She inhaled. He knew exactly what that would do to her. The image hit her before she could stop it. On his knees, looking up at her, his hands trailing slowly along her back, chin resting against her stomach. Waiting, wanting.
Her aim faltered. Just for a second. She blinked hard, breath catching, the crossbow’s weight suddenly more difficult to center.But she didn’t let it show. Focus snapped back into place like a drawn wire.

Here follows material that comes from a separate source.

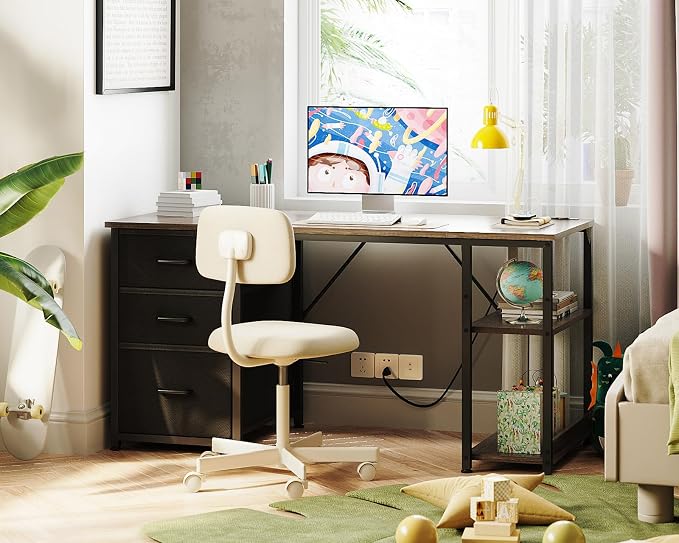 AODK 51 Inch Computer Desk with Drawers & USB Power Outlets | Reversible Home Office Desk with Storage Shelves, Work from Home, Modern Work/Writing/Study Table for Bedroom, Grey Oak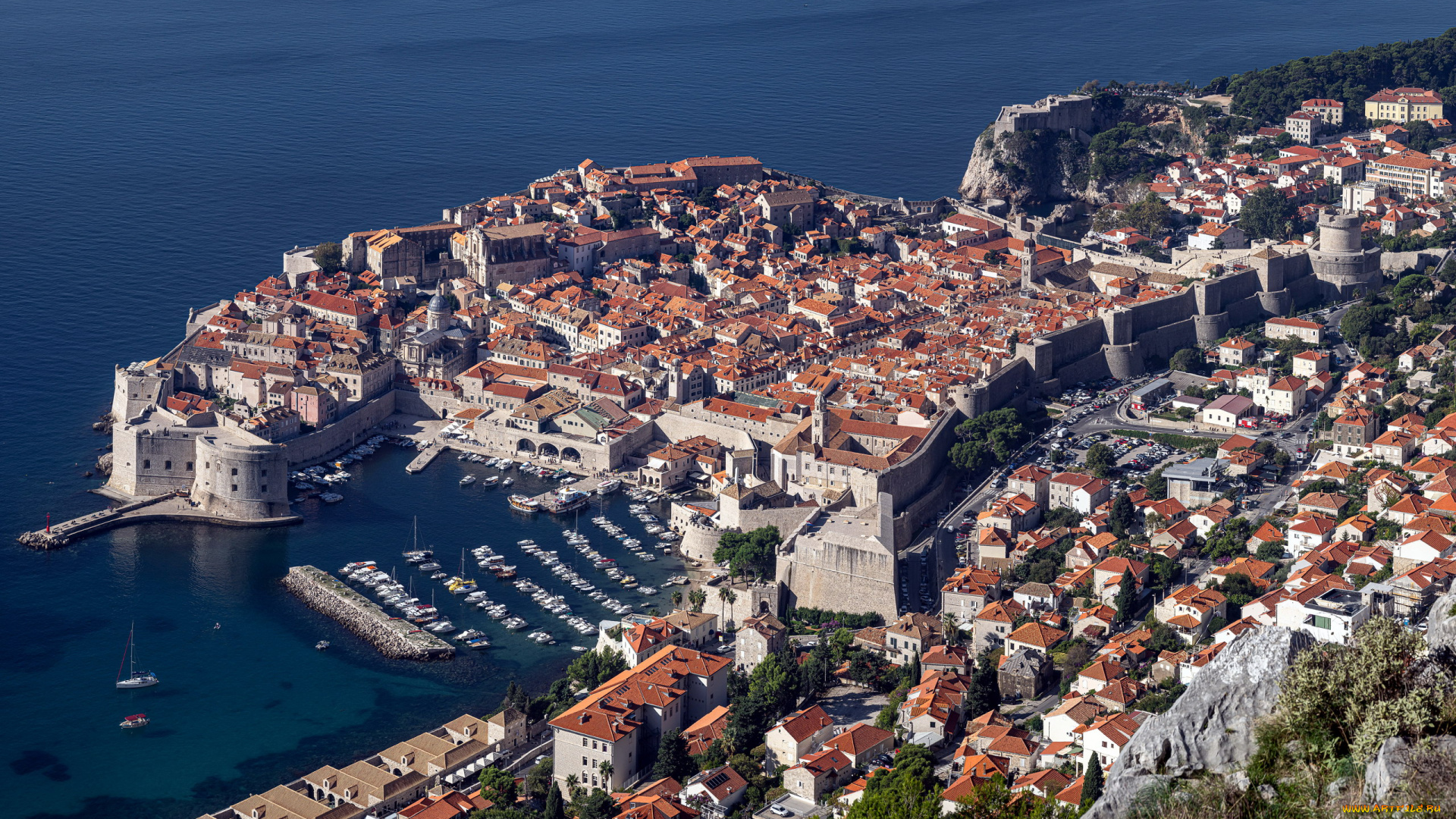 города, дубровник, , хорватия, панорама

She lifted the crossbow. Her other hand still moving. And then, release. The arrow split the silence, a streak of silver in a world drained of color. It struck the target dead center, right through the heart. Silence fell again. Only their breathing remained, layered and uneven.
???
It wasn’t a crossbow but Mira barely noticed.
She scanned the battlefield, chaos churning around her.
Instinctively, her gaze swept the wreckage for Tharion.
A glimpse of his armor, his stance, anything.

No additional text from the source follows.